Search code examples
c#algorithmrate

Calculate event rate per second


I have a game file with millions of events, file size can be > 10gb

Each line is a game action, like:

player 1, action=kill, timestamp=xxxx(ms granularity)
player 1, action=jump, timestamp=xxxx
player 2, action=fire, timestamp=xxxx

Each action is unique and finite for this data set.

I want to perform analysis on this file, like the total number of events per second, while tracking the individual number of actions in that second.

My plan in semi pseudocode:

lastReadGameEventTime = DateTime.MinValue;

while(line=getNextLine() != null)
{
   parse_values(lastReadGameEventTime, out var timestamp, out var action);
   if(timestamp ==  MinValue)
   {
      lastReadGameEventTime = timestamp;
   }
   else if(timestamp.subtract(lastReadGameEventTime).TotalSeconds > 1)
   {
      notify_points_for_this_second(datapoints);
      datapoints = new T();
   }

   if(!datapoints.TryGetValue(action, out var act))
      act = new Dictionary<string,int>();
      act[action] = 0;
   else
      act[action]++;
}
  lastReadGameEventTime = parse_time(line)

My worry is that this is too naive. I was thinking maybe count the entire minute and get the average per second. But of course I will miss game event spikes. And if I want to calculate a 5 day average, it will further degrade the result set. Any clever ideas?


Solution

  • You're asking several different questions here. All are related. Your requirements aren't real detailed, but I think I can point you in the right direction. I'm going to assume that all you want is number of events per second, for some period in the past. So all we need is some way to hold an integer (count of events) for every second during that period.

    There are 86,400 seconds in a day. Let's say you want 10 days worth of information.
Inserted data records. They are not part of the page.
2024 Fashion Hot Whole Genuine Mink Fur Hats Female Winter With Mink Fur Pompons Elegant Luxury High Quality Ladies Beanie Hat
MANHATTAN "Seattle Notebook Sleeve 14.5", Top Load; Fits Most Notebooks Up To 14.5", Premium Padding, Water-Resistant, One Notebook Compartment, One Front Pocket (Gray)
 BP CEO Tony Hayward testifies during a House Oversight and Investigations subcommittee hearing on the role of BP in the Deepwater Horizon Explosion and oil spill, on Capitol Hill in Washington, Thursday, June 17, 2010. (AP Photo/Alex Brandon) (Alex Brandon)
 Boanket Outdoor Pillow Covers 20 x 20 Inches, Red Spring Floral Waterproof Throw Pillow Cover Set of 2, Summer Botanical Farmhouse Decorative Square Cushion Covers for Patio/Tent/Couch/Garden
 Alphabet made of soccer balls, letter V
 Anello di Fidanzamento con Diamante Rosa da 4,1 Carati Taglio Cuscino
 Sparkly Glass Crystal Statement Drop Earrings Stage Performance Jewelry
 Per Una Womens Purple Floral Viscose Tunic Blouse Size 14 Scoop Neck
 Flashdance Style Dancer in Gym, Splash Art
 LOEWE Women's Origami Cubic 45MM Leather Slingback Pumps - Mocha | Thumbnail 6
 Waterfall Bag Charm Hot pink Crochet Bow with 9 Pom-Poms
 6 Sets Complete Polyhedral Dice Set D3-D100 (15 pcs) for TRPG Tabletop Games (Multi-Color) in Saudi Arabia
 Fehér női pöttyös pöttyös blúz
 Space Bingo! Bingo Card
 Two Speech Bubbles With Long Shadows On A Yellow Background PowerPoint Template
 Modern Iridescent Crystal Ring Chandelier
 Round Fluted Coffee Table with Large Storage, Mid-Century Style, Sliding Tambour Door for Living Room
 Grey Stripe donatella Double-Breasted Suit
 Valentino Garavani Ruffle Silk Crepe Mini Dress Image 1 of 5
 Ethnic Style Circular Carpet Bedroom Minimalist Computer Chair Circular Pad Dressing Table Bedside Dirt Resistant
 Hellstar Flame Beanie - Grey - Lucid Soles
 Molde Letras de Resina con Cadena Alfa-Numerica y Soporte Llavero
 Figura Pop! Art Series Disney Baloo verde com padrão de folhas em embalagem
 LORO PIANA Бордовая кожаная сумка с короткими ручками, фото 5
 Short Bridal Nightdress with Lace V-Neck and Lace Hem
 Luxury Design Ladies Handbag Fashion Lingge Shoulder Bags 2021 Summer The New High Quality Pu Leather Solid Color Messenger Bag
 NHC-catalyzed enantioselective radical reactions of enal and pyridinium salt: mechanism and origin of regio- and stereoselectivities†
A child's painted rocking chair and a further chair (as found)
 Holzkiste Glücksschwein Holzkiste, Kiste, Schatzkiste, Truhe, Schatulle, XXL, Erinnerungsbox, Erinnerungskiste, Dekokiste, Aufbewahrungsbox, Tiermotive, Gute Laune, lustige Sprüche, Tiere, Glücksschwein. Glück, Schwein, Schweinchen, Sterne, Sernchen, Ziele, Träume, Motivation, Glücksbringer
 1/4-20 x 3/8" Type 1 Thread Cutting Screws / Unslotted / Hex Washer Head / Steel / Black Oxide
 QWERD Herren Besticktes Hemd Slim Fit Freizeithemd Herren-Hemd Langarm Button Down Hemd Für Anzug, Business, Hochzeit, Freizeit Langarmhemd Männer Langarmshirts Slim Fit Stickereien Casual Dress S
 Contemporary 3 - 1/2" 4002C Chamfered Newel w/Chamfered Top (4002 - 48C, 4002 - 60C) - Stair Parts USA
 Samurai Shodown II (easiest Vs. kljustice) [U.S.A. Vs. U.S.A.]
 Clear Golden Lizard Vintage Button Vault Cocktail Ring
You can build a circular buffer of size 864,000 to hold 10 days' worth of counts:

    const int SecondsPerDay = 86400;
    const int TenDays = 10 * SecondsPerDay;
    
    int[] TenDaysEvents = new int[TenDays];
    

    So you always have the last 10 days' of counts.

    Assuming you have an event handler that reads your socket data and passes the information to a function, you can easily keep your data updated:

    DateTime lastEventTime = DateTime.MinValue;
    int lastTimeIndex = 0;
    
    void ProcessReceivedEvent(string event)
    {
        // here, parse the event string to get the DateTime
        DateTime eventTime = GetEventDate(event);
        if (lastEventTime == DateTime.MinValue)
        {
            lastTimeIndex = 0;
        }
        else if (eventTime != lastEventTime)
        {
            // get number of seconds since last event
            var elapsedTime = eventTime - lastEventTime;
            var elapsedSeconds = (int)elapsedTime.TotalSeconds;
    
            // For each of those seconds, set the number of events to 0
            for (int i = 1; i <= elapsedSeconds; ++i)
            {
                lastTimeIndex = (lastTimeIndex + 1) % TenDays; // wrap around if we get past the end
                TenDaysEvents[lastTimeIndex] = 0;
            }
        }
        // Now increment the count for the current time index
        ++TenDaysEvents[lastTimeIndex];
    }
    

    This keeps the last 10 days in memory at all times, and is easy to update. Reporting is a bit more difficult because the start might be in the middle of the array. That is, if the current index is 469301, then the starting time is at 469302. It's a circular buffer. The naive way to report on this would be to copy the circular buffer to another array or list, with the starting point at position 0 in the new collection, and then report on that. Or, you could write a custom enumerator that counts back from the current position and starts there. That wouldn't be especially difficult to create.

    The beauty of the above is that your array remains static. You allocate it once, and just re-use it. You might want to add an extra 60 entries, though, so that there's some "buffer" between the current time and the time from 10 days ago. That will prevent the data for 10 days ago from being changed during a query. Add an extra 300 items, to give yourself a 5-minute buffer.

    Another option is to create a linked list of entries. Again, one per second. With that, you add items to the end of the list, and remove older items from the front. Whenever an event comes in for a new second, add the event entry to the end of the list, and then remove entries that are more than 10 days (or whatever your threshold is) from the front of the list. You can still use LINQ to report on things, as recommended in another answer.

    You could use a hybrid, too. As each second goes by, write a record to the database, and keep the last minute, or hour, or whatever in memory. That way, you have up-to-the-second data available in memory for quick reports and real-time updates, but you can also use the database to report on any period since you first started collecting data.

    Whatever you decide, you probably should keep some kind of database, because you can't guarantee that your system won't go down. In fact, you can pretty much guarantee that your system will go down at some point. It's no fun losing data, or having to scan through terabytes of log data to re-build the data that you've collected over time.